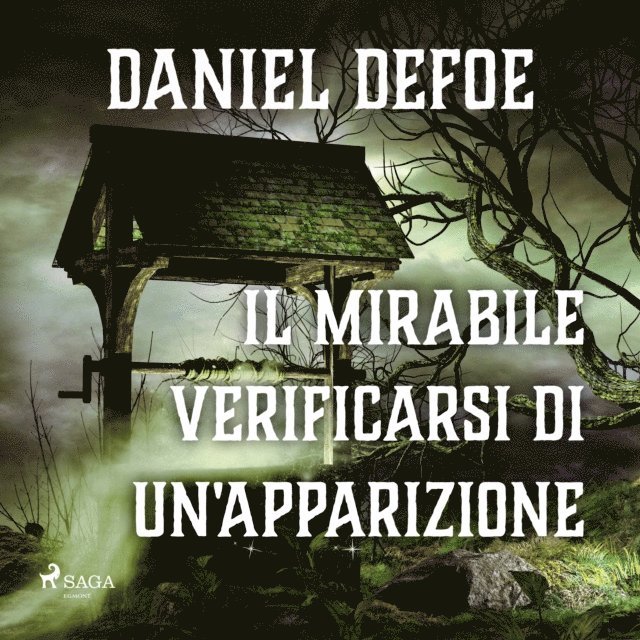 Defoe - Il mirabile verificarsi di un'apparizione, Ljudbok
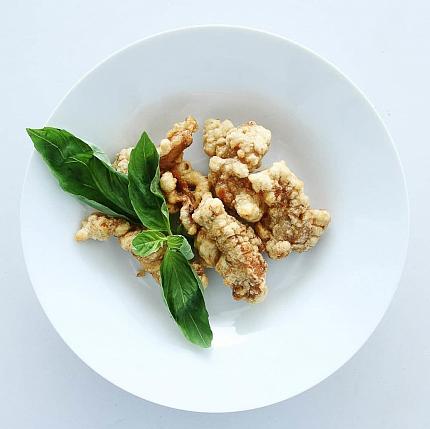 Курица в кляре Курица в кляре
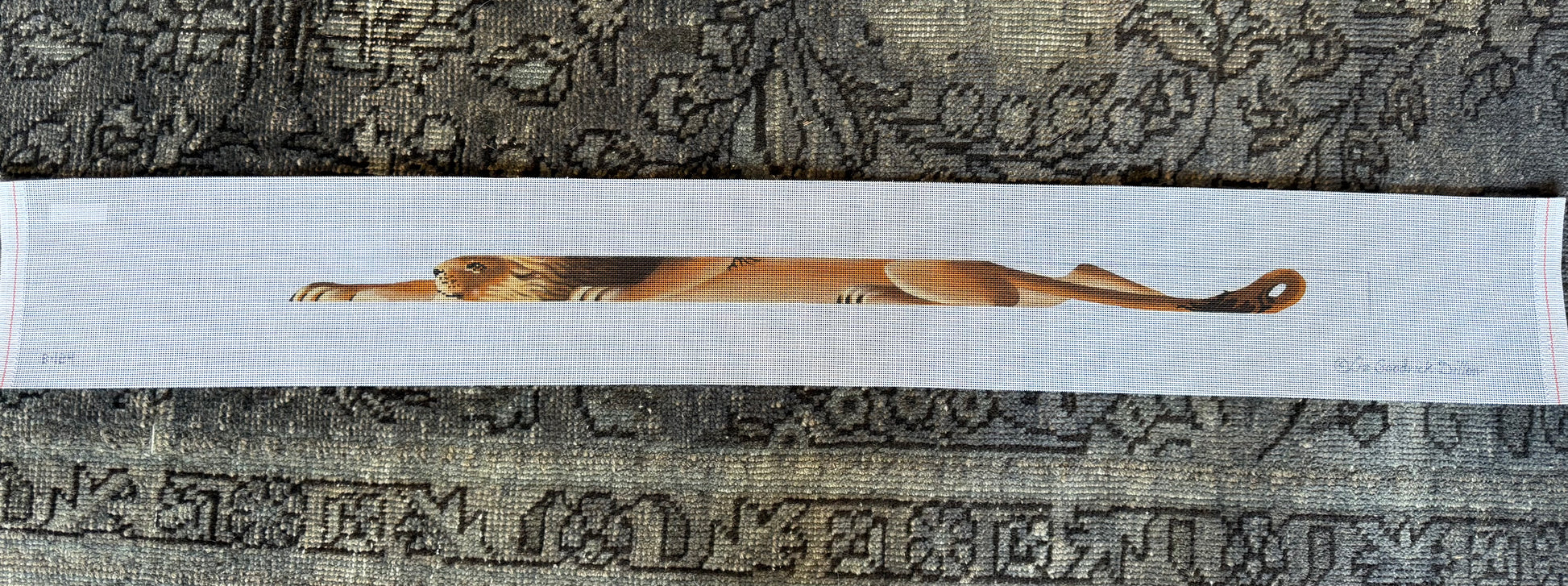 TTB124 - Lion Belt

**TASK DETAILS:** Every line above should be returned word for word, with the pictures left behind.

**ANSWER TO THE EXERCISE:**
 Defoe - Il mirabile verificarsi di un'apparizione, Ljudbok
 Курица в кляре Курица в кляре
 TTB124 - Lion Belt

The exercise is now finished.